ECLI:NL:CRVB:2007:AZ6297
Centrale Raad van Beroep
- Hoger beroep
- J. Janssen
- J. Brand
- J.P.M. Zeijen
- Rechtspraak.nl
Beoordeling van arbeidsongeschiktheid na ziekmelding vanuit WW-situatie
In deze zaak gaat het om een hoger beroep van appellant tegen de uitspraak van de rechtbank Zwolle van 1 juli 2004, waarin het beroep van appellant ongegrond werd verklaard. Appellant had zich op 9 januari 2002 ziek gemeld vanuit een WW-situatie vanwege psychische klachten. Het Uitvoeringsinstituut werknemersverzekeringen (Uwv) kende appellant per 8 januari 2003 een WAO-uitkering toe, berekend naar een arbeidsongeschiktheid van 35-45%. Appellant ging tegen dit besluit in beroep, maar de rechtbank oordeelde dat het medisch onderzoek door de verzekeringsarts zorgvuldig was en dat de door appellant ingebrachte rapporten geen nieuwe inzichten boden.

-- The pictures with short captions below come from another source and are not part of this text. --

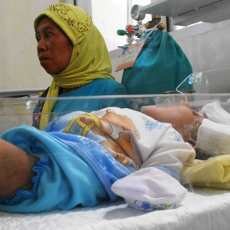 Sejak Lahir Bayi Tanpa Tempurung Kepala Tak Pernah Menangis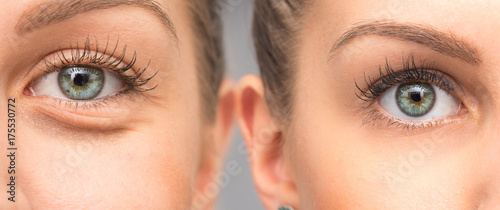 Woman eye bags before and after cosmetic treatment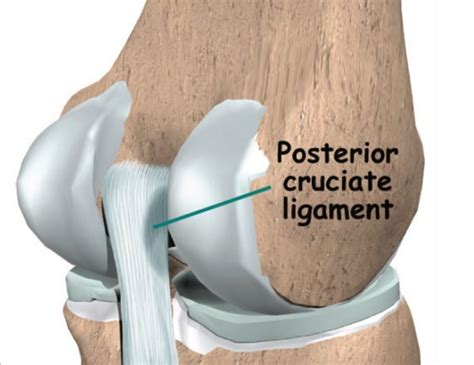 Posterior cruciate ligament injuries - Orthopedic Surgeon For Hip, Knee ...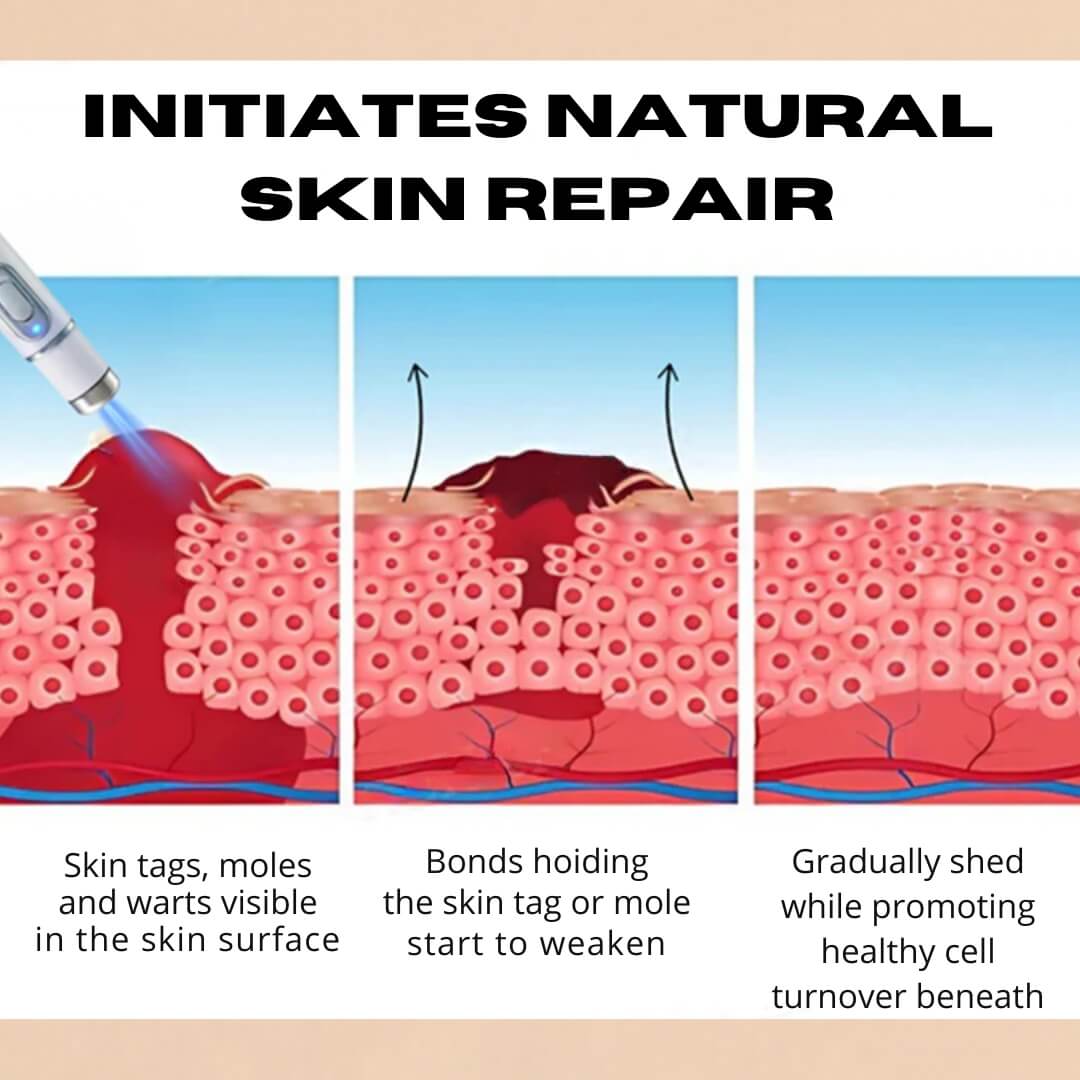 Kidsneed® - Mole and Wart Removal Laser Pen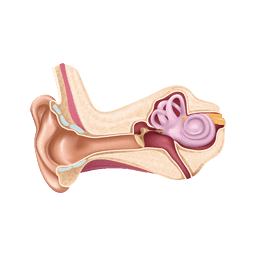 traitement implant cochléaire acouphène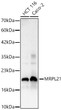 Western blot analysis of various lysates using MRPL21 Rabbit polyclonal antibody (STJ11105472) at 1:1000 dilution. Secondary antibody: HRP Goat Anti-Rabbit IgG (H+L) (STJS000856) at 1:10000 dilution. Lysates/ proteins: 25 Mu g per lane. Blocking buffer: 3 % nonfat dry milk in TBST. Detection: ECL Basic Kit. Exposure time: 90s.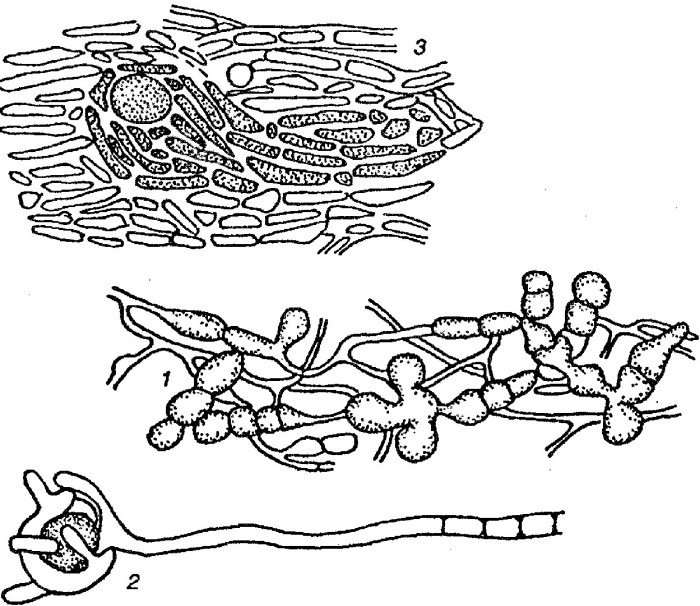 Гаустории лишайника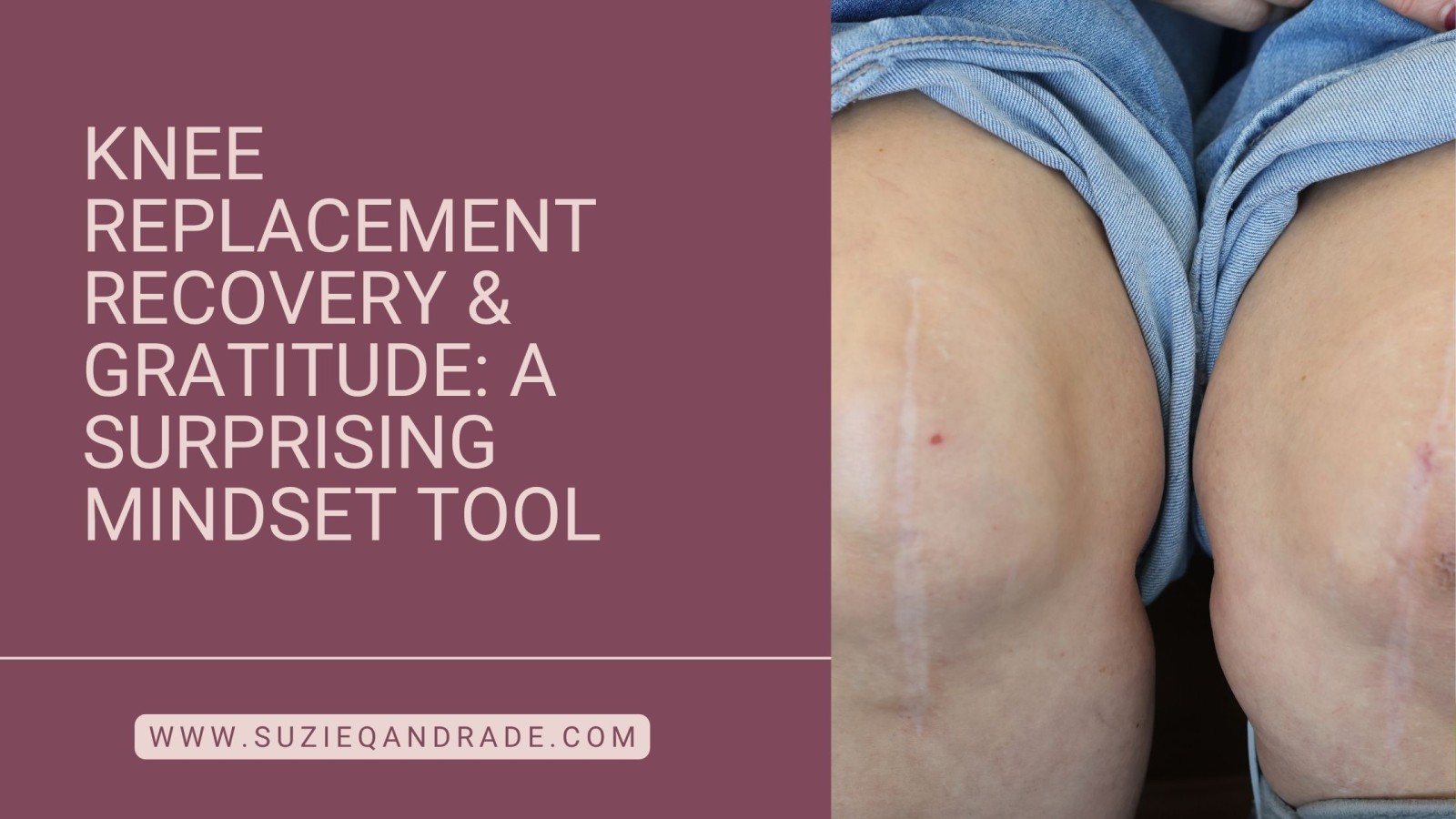 Knee Replacement Recovery & Gratitude: A Surprising Mindset Tool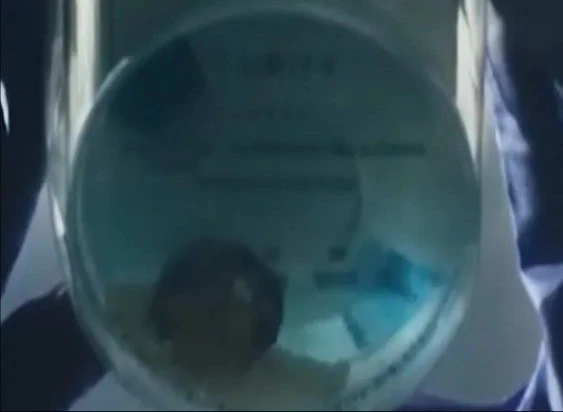 Phát minh giúp phát hiện sớm bệnh thận qua nước bồn cầu đổi màu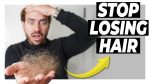 LOSING HAIR? Here's How FIX it PERMANENTLY! Men's Hair Tips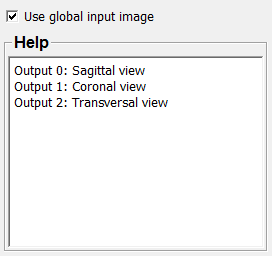../../../Modules/ML/MLCoordUtils1/mhelp/Images/Screenshots/OrthoReformat3._default.png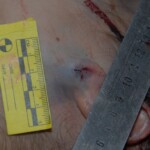 Autopsy of female jumper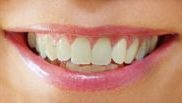 Teeth whitening – before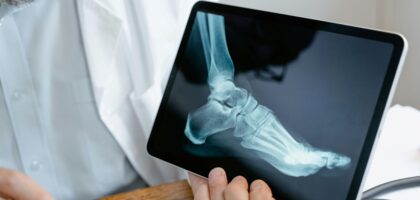 Chirurgia palca – skuteczne leczenie zmian w obrębie stopy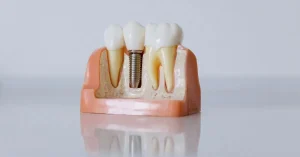 Dentures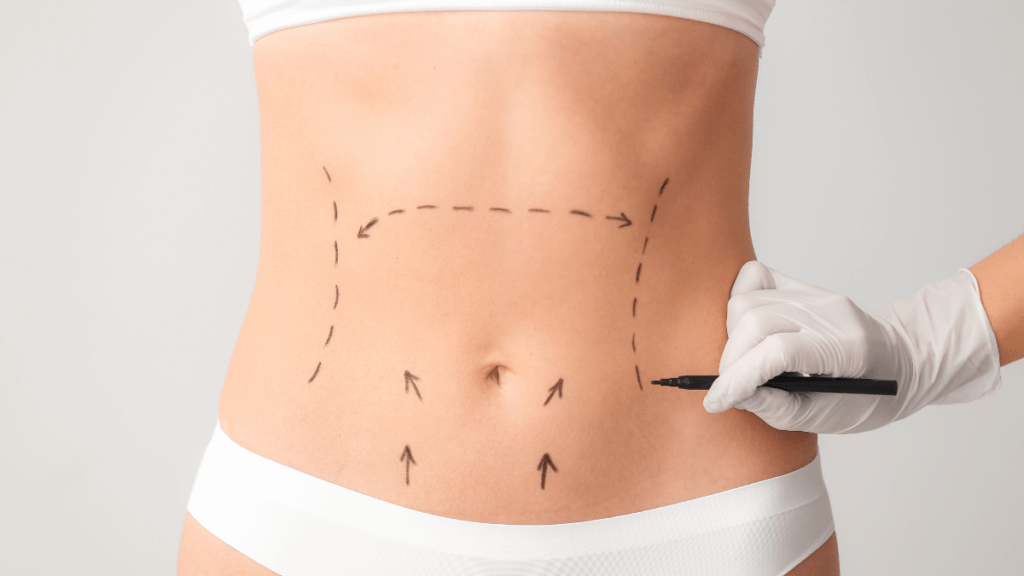 Image of a woman prepping for a tummy tuck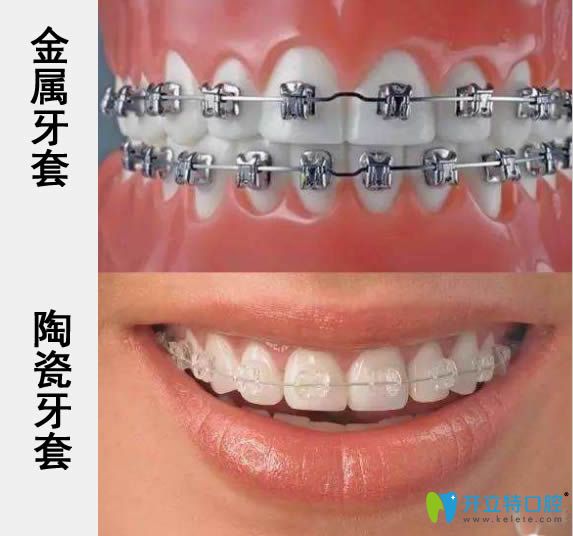 揭秘陶瓷和金屬牙套哪個(gè)好?通過(guò)價(jià)格及優(yōu)缺點(diǎn)來(lái)進(jìn)行大比拼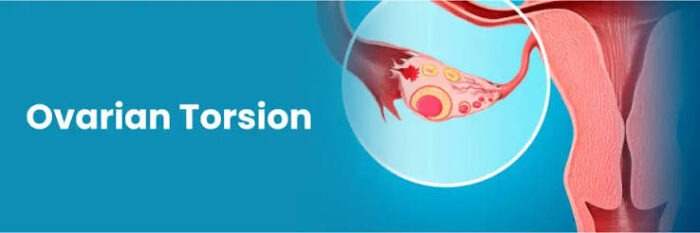 ovarian cyst treatment in Mathura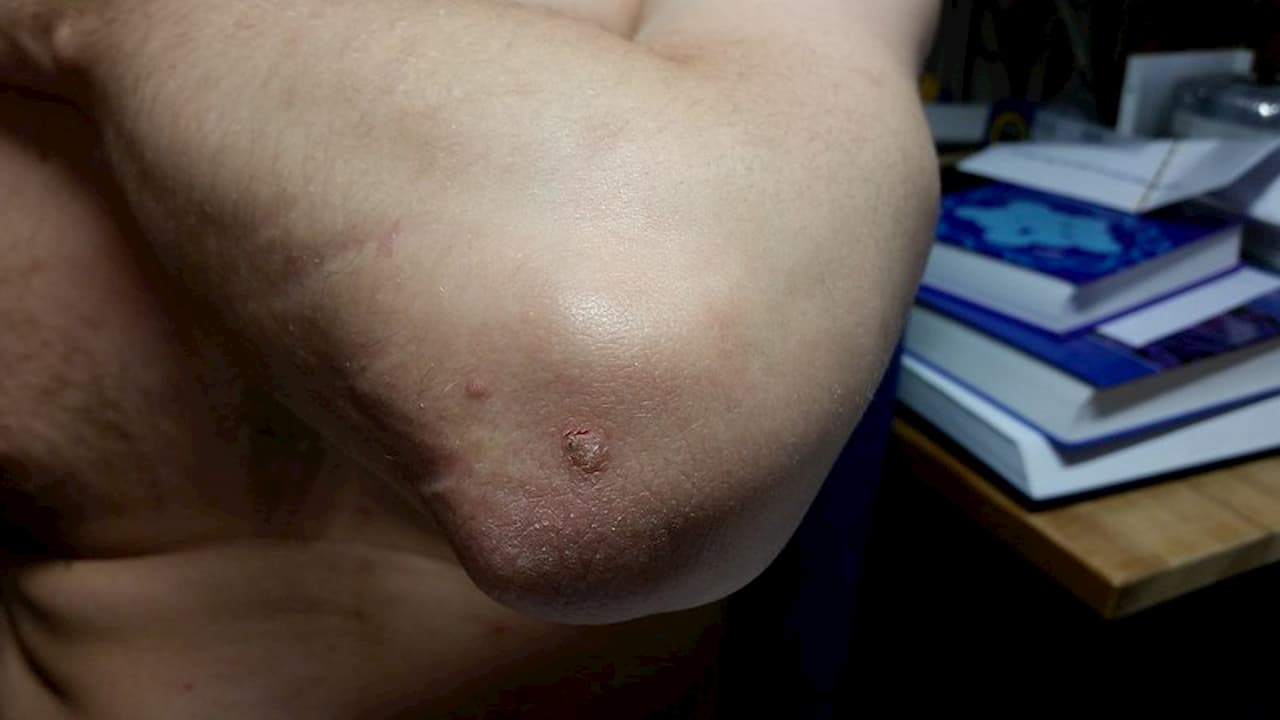 사마귀는 전염성이 있습니다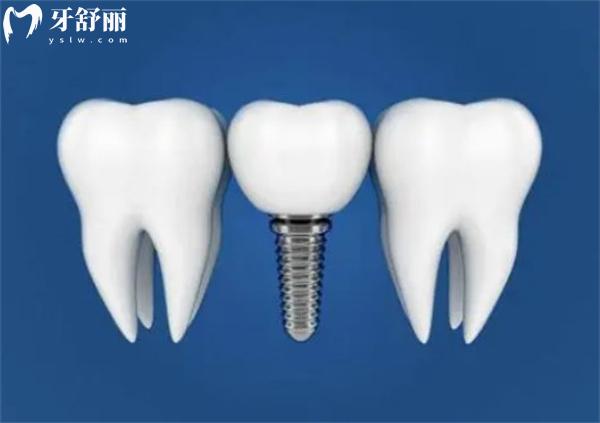 杭州牙科医院种植牙价格表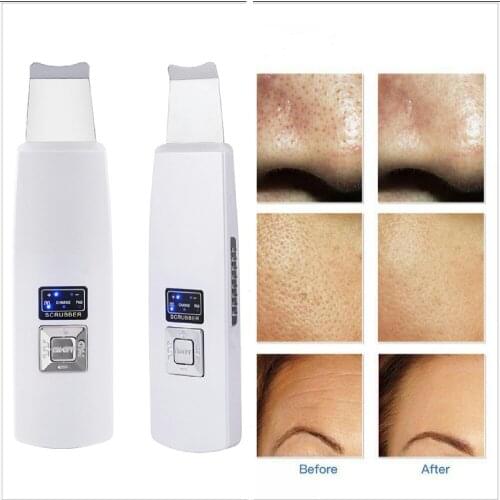 Rechargeable Ultrasonic Skin Scrubber Facial Cleaner Digital Acne Removal Skin Cleaning Ultrasound pore Peeling Face Care Tool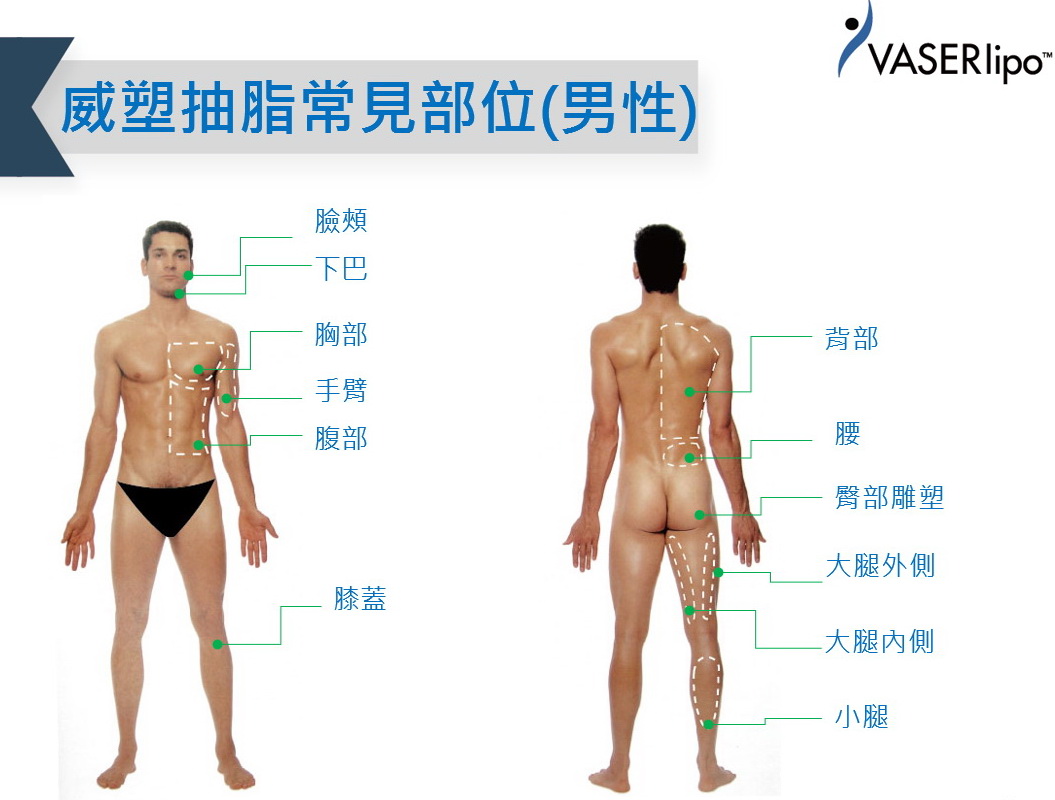 威塑抽脂，術後緊緻，適合回填雕塑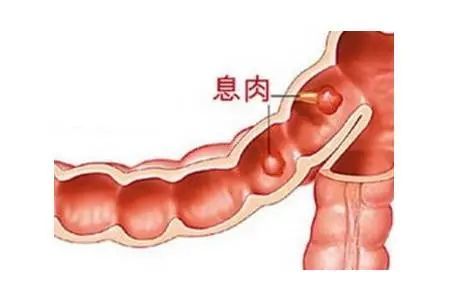 凡儿童有便血,大便次数及性质基本正常者,多为直肠息肉.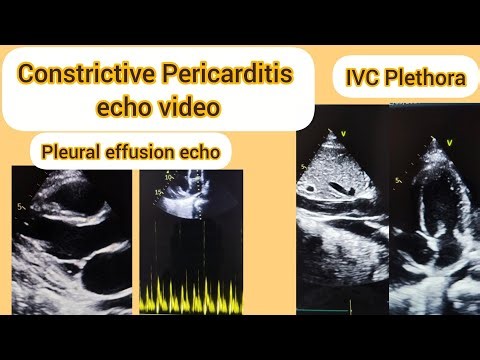 Constrictive Pericarditis echo video#Pleural Effusion echo video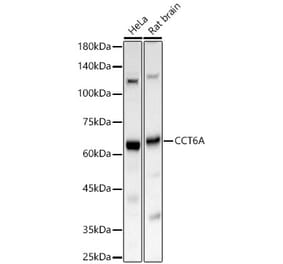 Western Blot - Anti-CCT6A Antibody (A329184) - Antibodies.com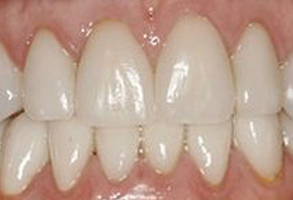 The image shows a close-up view of a person s teeth, which appear white with some yellowing, suggesting a smile with an open mouth.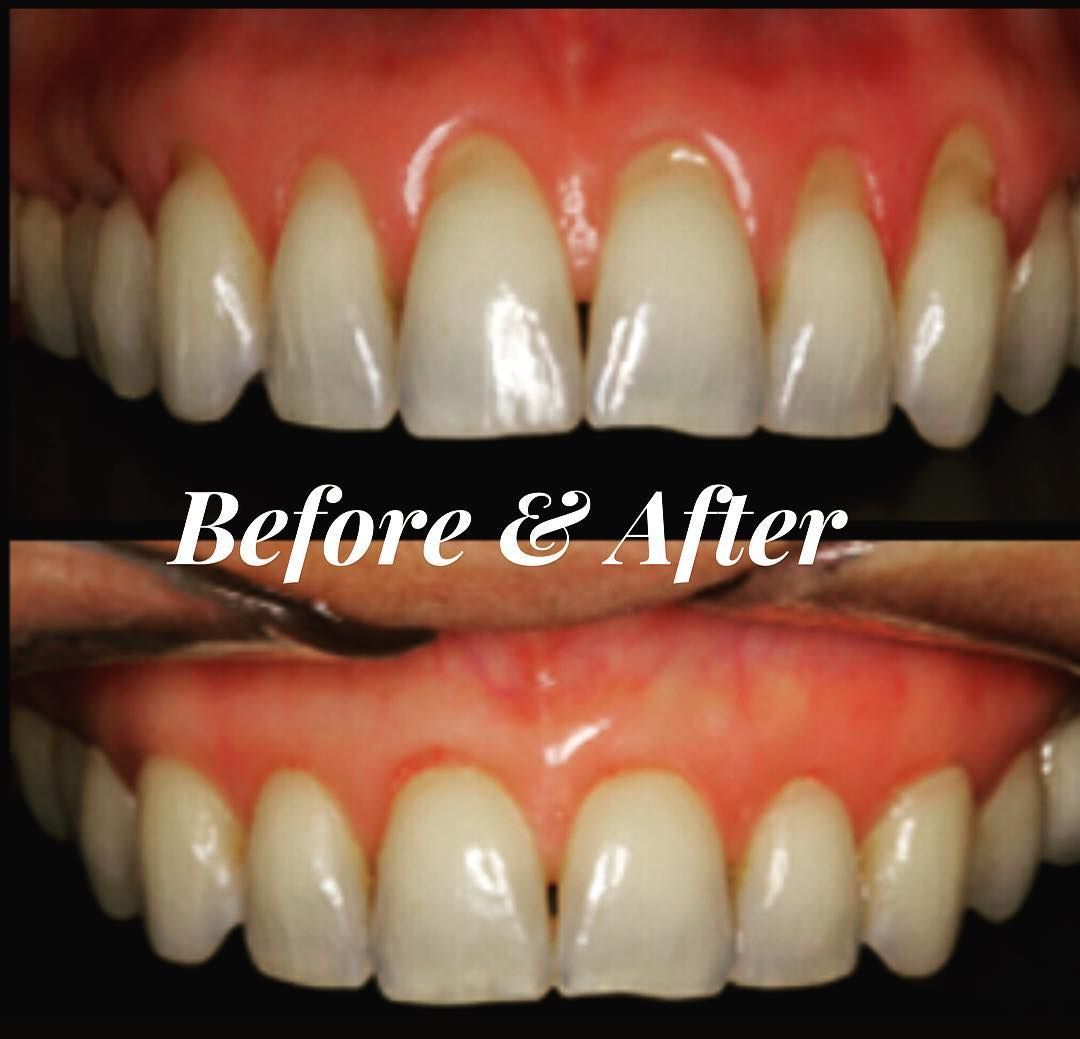 Herbal Dentist Tooth and Gum Oil 30ml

De Centrale Raad van Beroep bevestigde de uitspraak van de rechtbank. De Raad oordeelde dat het Uwv terecht de mate van arbeidsongeschiktheid had vastgesteld op 35 tot 45%. De Raad volgde het oordeel van de onafhankelijke deskundige, psychiater G.T. Gerssen, die concludeerde dat appellant op 8 januari 2003 in staat was om de functies van inpakker en productiemedewerker te vervullen. De Raad benadrukte dat het oordeel van een door de bestuursrechter ingeschakelde deskundige in beginsel moet worden gevolgd, en dat het rapport van Gerssen zorgvuldig en consistent was.
De Raad verwierp de grieven van appellant over de psychische klachten en de werkdruk bij de voorgehouden functies, en concludeerde dat de medische beoordeling door de verzekeringsarts juist was. De uitspraak werd gedaan in aanwezigheid van de griffier M. Uri en is openbaar uitgesproken op 12 januari 2007.